'Kiki Smith’s work oscillates between light and darkness, slipping from the peacefulness of domesticated nature to an untameable animality in order to enter the world of the night, that specific moment where pleasure and fear combine.' —Catherine de Brackelaere, 2020Kiki Smith frequently appropriates and reimagines characters from fairy tales and mythology, extrapolating them from moral fable into a contemporary narrative of virtue and vice. Little Red Riding Hood has appeared in Smith’s work since 1999 and is a figure that has been re-formed by the artist in sculptures, paintings, drawings and prints. Her variations through different media mimics the telling and re-telling of the same tales through the vast folklore tradition of oral storytelling, with each generation tweaking the outcome to serve contemporary ethics and principles.
The cautionary tale rooted in European folklore is ultimately a tale of good versus evil. We are invited to sympathise with a naïve, young girl in danger of being tricked by a predator: the moral of the story in contemporary parlance being ‘stranger danger’!
Smith’s lithographic diptych, however, suggests that the girl and wolf are not predator and prey, but ‘companions’ on a parallel journey. The wolf stands in the centre of his space, while the girl confidently meets his gaze. The figures are similarly scaled and joined by the repetition of the warm, brown texture of the girl’s hair, her basket, and the wolf’s fur. Separate, but equal, their stand-off appears conversational rather than malicious.

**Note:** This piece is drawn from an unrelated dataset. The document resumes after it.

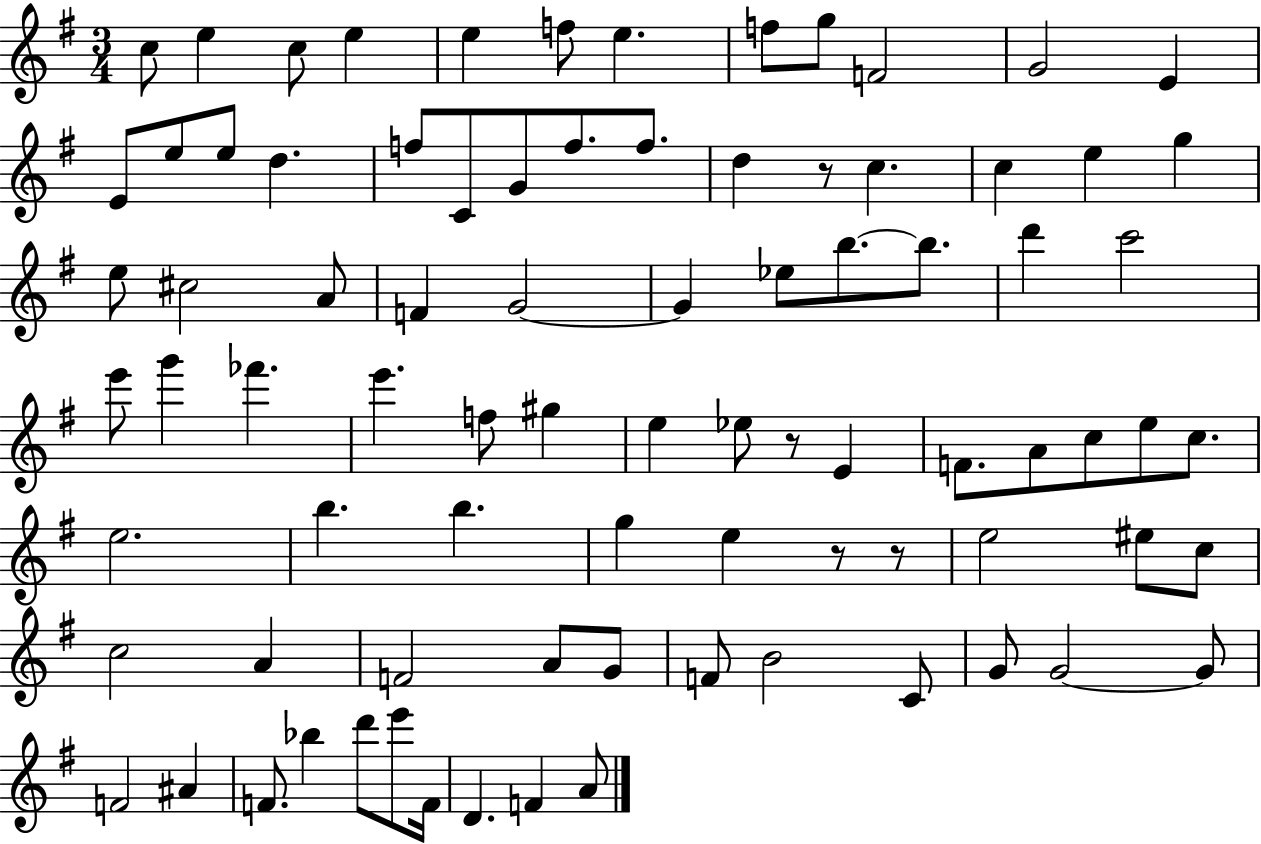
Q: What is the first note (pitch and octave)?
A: C5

Instead of repeating and thereby upholding patriarchal ideas of female virginity and innocence when faced with the dangerous temptation and trickery of the wolf, Smith instead invites us to see these symbolic characters on a new narrative journey.
2001 The pair of lithographs in colours, on T.H. Saunders Waterford HP paper, with full margins. overall S. 138 x 251.5 cm (54 3/8 x 99 in.) One sheet (wolf) signed and dated in pencil, the other (girl) numbered 12/26 in pencil, published by Universal Limited Art Editions, New York (with their blindstamp), each framed.